Most of our work to-date has produced emergent qualitative results, but science demands quantitative proof, so our current research focus is the development of deterministic simulation software to generate reconcilable statistics.

Types of result

We foresee many useful types of result, and therefore modes for running the simulation. These modes rely on different interfaces for preconditions, exit conditions, and the shape of corresponding results.

Basic mechanics

These will use a small set of particles, and stop within a small number of events on the timeline. The presence of events within expected bounds will be verified, within low error margins. Possible tests might verify: interaction (or not) of waves having known phases and mass-energy to test whether they collapse into fermion events.

Probability distribution functions

These randomize the vacuum, or some other preconditions, and run the simulation many times, to produce a data set of equivalent events, and a map of variant properties. Examples might include: Compton radius of a particle, field statistics, and functions for covariance of properties.

Interpretive phenomena

Where datasets are compared with criteria, we can describe more advanced phenomena. Examples include: probability of decoherence, confidence of escaping a black hole, matter/anti-matter polarization, and decay distributions.

Scripted illustration

With appropriate navigation controls, the simulation state can be presented as an animated diagram that we can use to demonstrate phenomena. We'll include some emphasis on items of interest.


We are in the early stages of development, where the basic structures of waves, bosons and fermions are implemented, along with some event detection and a basic display of entities.

We see great potential for optimisations, especially for high-energy situations, but we are adopting a 'get it working first; optimise later' approach.

The 'deterministic' mechanism means that for any given inputs, the outputs will be the same every time the functions are run. This allows us to develop our software using unit testing, and TDD.

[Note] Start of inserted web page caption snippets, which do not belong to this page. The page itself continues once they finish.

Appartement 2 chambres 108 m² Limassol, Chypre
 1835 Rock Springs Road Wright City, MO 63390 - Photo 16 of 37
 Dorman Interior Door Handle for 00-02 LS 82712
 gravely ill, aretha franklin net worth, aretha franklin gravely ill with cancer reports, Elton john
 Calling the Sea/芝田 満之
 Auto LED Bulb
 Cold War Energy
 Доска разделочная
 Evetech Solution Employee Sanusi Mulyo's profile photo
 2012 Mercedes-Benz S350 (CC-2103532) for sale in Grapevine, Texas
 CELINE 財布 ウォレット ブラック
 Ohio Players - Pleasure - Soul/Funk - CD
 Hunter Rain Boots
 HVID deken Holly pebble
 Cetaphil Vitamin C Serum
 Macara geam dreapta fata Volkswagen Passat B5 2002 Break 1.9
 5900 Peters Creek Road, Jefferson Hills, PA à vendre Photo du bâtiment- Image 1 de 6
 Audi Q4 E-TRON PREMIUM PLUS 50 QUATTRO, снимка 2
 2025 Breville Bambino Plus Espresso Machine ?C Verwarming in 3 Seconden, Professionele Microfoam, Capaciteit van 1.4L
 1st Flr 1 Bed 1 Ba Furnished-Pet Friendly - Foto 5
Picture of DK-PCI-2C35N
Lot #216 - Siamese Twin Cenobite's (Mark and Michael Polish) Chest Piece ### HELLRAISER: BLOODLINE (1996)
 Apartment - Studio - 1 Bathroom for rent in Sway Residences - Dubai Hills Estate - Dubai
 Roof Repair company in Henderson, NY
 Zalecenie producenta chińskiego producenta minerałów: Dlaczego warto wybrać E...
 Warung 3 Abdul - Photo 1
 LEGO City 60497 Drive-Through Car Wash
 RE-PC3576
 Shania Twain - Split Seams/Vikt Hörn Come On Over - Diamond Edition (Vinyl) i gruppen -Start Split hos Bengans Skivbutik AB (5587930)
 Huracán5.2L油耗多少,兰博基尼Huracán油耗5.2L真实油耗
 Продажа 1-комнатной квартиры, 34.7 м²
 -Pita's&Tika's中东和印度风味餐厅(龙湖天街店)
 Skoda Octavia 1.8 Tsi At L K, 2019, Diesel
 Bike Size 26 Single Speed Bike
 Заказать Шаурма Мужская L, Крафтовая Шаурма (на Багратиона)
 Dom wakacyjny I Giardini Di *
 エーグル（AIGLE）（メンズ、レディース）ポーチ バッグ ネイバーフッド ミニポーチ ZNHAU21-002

Fig.1: TDD in action (red-green testing)

Next steps

We now have utility functions to build fundamental structures, to time-evolve them, test them for interactions, and to collapse bosons to create new fermions. We have yet to include mass-energy, which is essential for collapsing asynchronous networks, and we have yet to build a full chaotic simulation controller.

Next steps:

  • n-body simulation, testing earliest interactions, processing, and re-computing the network. Early implementations may not be as efficient as possible, because we are not optimising early (we have many optimisation ideas).
  • A web interface, to show pre-computed simulation timelines.
  • Graphing component, to show simulation timelines as network graphs (like we have used in this site, only not hand-drawn).
  • Graphing component, to show probability distribution functions of a simulation with parameterised unknowns. This will use an analytical approach.


Our main challenges are:

  • The numerical precision of hardware-supported IEEE mathematical operations is not sufficient to represent phase values to the precision required by the simulation. For example, we expect to keep track of multiples of Planck length while maintaining phase precision down to less than 10^-30 of Planck length. We expect to use a library like BigNum for this, at the expense of performance.
  • To reconcile with standard physics, in terms that standard physics recognises, we will need to generate statistical results with sufficient confidence. This requires statistical methods we have not yet fully developed, and also computing power and optimisations. It is expected that our first results will be qualitative and illustrative, followed by low-precision statistical results that we hope will converge on the desired outcome.
  • The simulation will be sub-optimal over large space partitions. Because the mechanism is based on the overlapping of expanding spheres, and an environmental vacuum containing many such spheres, then a large space of low-energy entities presents combinatorial challenges that are not easily optimised solely by space-partitioning. Phase and mass partitioning might also be necessary, to automatically reduce the testable combinations of entities.
  • Although we expect fewer free parameters than standard models, we are concerned that our free parameters do not yet have any basis (other than undesirably 'tuning to match expectations'). Without direct mathematical origins, those free parameters will be a limiting factor in the precision of our emergent results. We hope that a threshold of known geometric expression may provide a suitable auto-tuning of our parameters.